XIII- No que respeita à remuneração prevista nos termos do disposto no art.º 24.º, n.º
7 do CIRE, concordamos que a mesma não terá lugar.
XIV- Contudo, o mesmo não ocorre com remuneração variável, em face do grau de satisfação do passivo a satisfazer, por recurso à majoração, nos termos do disposto no art.º 23.º, n.º 7 do EAJ XV- In casu, os créditos reconhecidos ascenderam ao montante global de € 503.254,44.
XVI- Por sua vez, o plano prevê o pagamento total dos créditos reconhecidos, obtendo- se 100% da satisfação dos créditos dos credores.
XVII- Face ao exposto, nos termos do disposto no art.º 23.º, n.º 1, n.º 4 e 7 do EAJ, deveria o tribunal a quo determinar o pagamento ao recorrente do montante de € 25.162,72 (correspondente a 5% do valor dos créditos admitidos e satisfeitos).
XVIII- Quantia essa que deve ser liquidada de acordo com o definido nos art.s 29.º, n.s 3 e 4 do EAJ, ou seja em duas prestações de € 12.581,36, cada, ambas acrescidas de IVA.
XIX- Assim se decidiu no douto acórdão desta Relação, proferido em 18/04/2023, no
âmbito do processo n.º 1998/22.3T8SNT.L1, da relatora Fátima Reis Silva.
XX- Termos em que deverá o presente recurso ser admitido e ser dado provimento ao mesmo por errada interpretação dos artigos 24.º e 27.º, da Lei 9/2022 de 11 de janeiro, revogando-se o douto despacho na parte em que decide não fixar remuneração variável ao recorrente, substituindo-se por decisão que fixe ao recorrente retribuição variável no montante de € 25.162,72 (correspondente a 5% do valor dos créditos admitidos e satisfeitos), em face do grau de satisfação do passivo a satisfazer, por recurso à majoração, nos termos do disposto no art.º 23.º, n.º 7 do EAJ, ordenando-se desde já o pagamento do montante de € 12.581,36, acrescido de IVA, e a 2.º em 02/10/2027 (volvidos dois anos da aprovação do plano)
nos termos do disposto no art.º 29.º, n.º 3 do mesmo dispositivo legal.”.
Em 26.03.2026, foi proferido despacho que admitiu o recurso interposto, de apelação, a subir imediatamente nos próprios autos e com efeito devolutivo.
Foram colhidos os vistos.
Cumpre apreciar.
2. Objeto do recurso
Analisado o disposto nos artºs 608º, n.º 2, aplicável por via do art.º 663º, n.º 2, 635º, nºs 3 e 4, 639º, nºs 1 a 3 e 641º, n.º 2 al. b), todos do Código de Processo Civil (CPC), sem prejuízo das questões que o tribunal deve conhecer oficiosamente e daquelas cuja solução fique prejudicada pela solução a outras, este Tribunal apenas poderá conhecer das questões que constem das conclusões do recurso, que definem e delimitam o objeto do mesmo.
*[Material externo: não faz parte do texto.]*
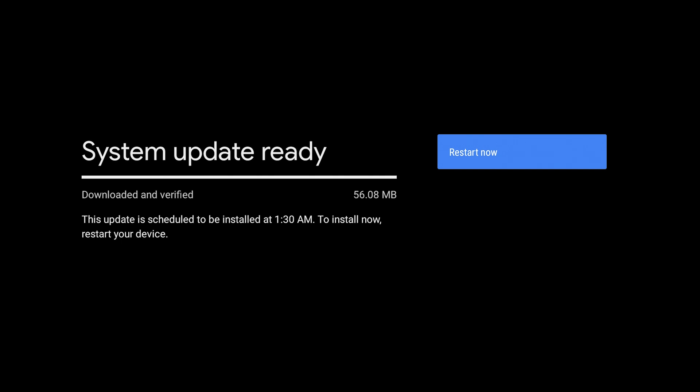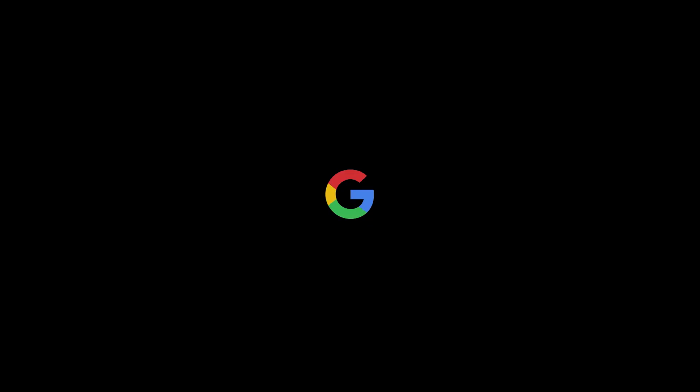Most times you will not have to worry about a system update. Usually it will be installed by itself. In my case, this Chromecast will not be on at 1:30 AM. So I am just going to install it now and we're going to click restart now.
Não está ainda o Tribunal obrigado, face ao disposto no art.º 5º, n.º 3, do citado diploma, a apreciar todos os argumentos apresentados pelas partes para sustentar essas conclusões, sendo o julgador livre na interpretação e aplicação do direito.
Considerando o acima referido é a seguinte a questão a decidir no presente recurso:
- Da fixação de remuneração variável ao administrador judicial provisório nomeado nos autos.